One SK person was a bit upset with that comment. LG was making the 4160 for Tesla.
CATL has a deal with Tesla in Nevada. So all these guys are all over each other.
TESLAs Asia cell vendors, due to their 40% or more market share, have to use Asian suppliers.
Samsung with NMC prismatic in the Jeep recalls. LG with the NMC LFP in the GM issues,
LG has all the NMC module issues for UBESS. LG RBESS recalls Australia.... It is so strange to keep up with this mess.
NMC is more profitable to recycle than LFP, but LFP's mass is better suited for graphene.

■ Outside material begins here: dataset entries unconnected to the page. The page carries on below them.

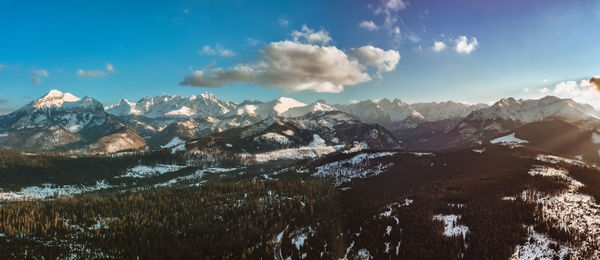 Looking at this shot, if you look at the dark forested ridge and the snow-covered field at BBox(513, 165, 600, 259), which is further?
the dark forested ridge

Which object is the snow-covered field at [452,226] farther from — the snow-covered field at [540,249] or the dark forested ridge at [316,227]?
the snow-covered field at [540,249]

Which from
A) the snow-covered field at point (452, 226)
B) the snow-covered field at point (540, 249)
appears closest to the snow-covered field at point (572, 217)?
the snow-covered field at point (540, 249)

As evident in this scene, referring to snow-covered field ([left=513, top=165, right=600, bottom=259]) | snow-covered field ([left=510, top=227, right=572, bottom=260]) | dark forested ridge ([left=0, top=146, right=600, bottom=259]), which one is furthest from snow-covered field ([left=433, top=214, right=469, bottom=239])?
snow-covered field ([left=513, top=165, right=600, bottom=259])


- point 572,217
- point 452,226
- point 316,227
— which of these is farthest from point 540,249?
point 316,227

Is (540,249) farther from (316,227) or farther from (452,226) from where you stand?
(316,227)

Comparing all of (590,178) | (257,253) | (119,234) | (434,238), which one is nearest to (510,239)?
(434,238)

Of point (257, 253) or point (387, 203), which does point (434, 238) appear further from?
point (257, 253)

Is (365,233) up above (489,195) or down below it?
below

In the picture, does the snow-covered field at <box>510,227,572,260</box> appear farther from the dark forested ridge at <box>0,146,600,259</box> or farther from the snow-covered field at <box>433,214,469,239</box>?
the snow-covered field at <box>433,214,469,239</box>

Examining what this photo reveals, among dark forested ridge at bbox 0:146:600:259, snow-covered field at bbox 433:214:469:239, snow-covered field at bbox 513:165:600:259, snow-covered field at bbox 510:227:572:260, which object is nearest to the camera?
snow-covered field at bbox 510:227:572:260

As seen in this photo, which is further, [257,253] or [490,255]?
[257,253]

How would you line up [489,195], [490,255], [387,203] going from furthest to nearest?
[387,203], [489,195], [490,255] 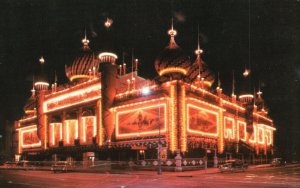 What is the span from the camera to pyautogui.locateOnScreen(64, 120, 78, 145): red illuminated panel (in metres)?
64.9

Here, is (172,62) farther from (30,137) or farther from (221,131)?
(30,137)

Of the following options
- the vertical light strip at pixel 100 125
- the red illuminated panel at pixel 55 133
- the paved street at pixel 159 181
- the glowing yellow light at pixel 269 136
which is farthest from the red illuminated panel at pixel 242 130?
the paved street at pixel 159 181

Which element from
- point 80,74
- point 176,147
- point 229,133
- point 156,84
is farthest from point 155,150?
point 80,74

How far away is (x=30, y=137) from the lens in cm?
7994

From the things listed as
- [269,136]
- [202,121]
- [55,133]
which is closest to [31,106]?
[55,133]

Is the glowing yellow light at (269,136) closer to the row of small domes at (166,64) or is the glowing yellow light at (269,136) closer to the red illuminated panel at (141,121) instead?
the row of small domes at (166,64)

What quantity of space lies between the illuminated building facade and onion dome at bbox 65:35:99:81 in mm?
193

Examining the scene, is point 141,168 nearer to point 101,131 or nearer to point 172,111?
point 172,111

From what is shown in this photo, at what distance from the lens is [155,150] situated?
5138 centimetres

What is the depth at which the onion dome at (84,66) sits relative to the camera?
226 ft

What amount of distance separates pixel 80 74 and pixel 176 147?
29.4m

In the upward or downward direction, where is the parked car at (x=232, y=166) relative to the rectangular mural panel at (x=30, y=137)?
downward

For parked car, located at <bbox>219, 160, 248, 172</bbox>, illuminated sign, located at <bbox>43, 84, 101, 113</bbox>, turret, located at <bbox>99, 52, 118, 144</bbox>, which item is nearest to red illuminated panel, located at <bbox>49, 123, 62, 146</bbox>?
illuminated sign, located at <bbox>43, 84, 101, 113</bbox>

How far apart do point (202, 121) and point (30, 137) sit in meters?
43.8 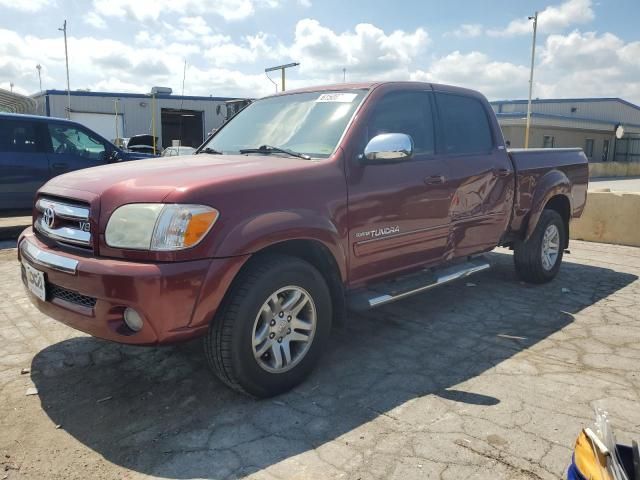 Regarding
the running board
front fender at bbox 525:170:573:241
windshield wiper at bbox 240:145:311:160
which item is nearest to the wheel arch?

Recycling is a very low, .1% if you can find any facility with anything going out but inbound packs.
I reckon about 80,000 EVs annually are recycled. 18 billion pounds of cells produced worldwide in 2024 ( average 1000 pounds per EV).
With the overreach by the State of California, SB283, sub 8502, final October 6th, localities have no rights to stop UBESS. So the race is on. Others should follow suit until the AI crash. All the while, China produces more electricity from burning trash than it puts in its landfills. Black Cat, White Cat Learn Mandarin
This shift from EV to ESS is a smart hedge against market uncertanty. The Tesla deal could be transformative for Samsung SDI, especially if Chinese manufacturers struggle with US market access. What's facinating is how quickly these companis can repurpose existing production lines. The Stellantis situation really highlights how volatile EV demand can be. I wonder if LG and SK will follow similar paths or if they have diffrent strategies for managing their US capacity.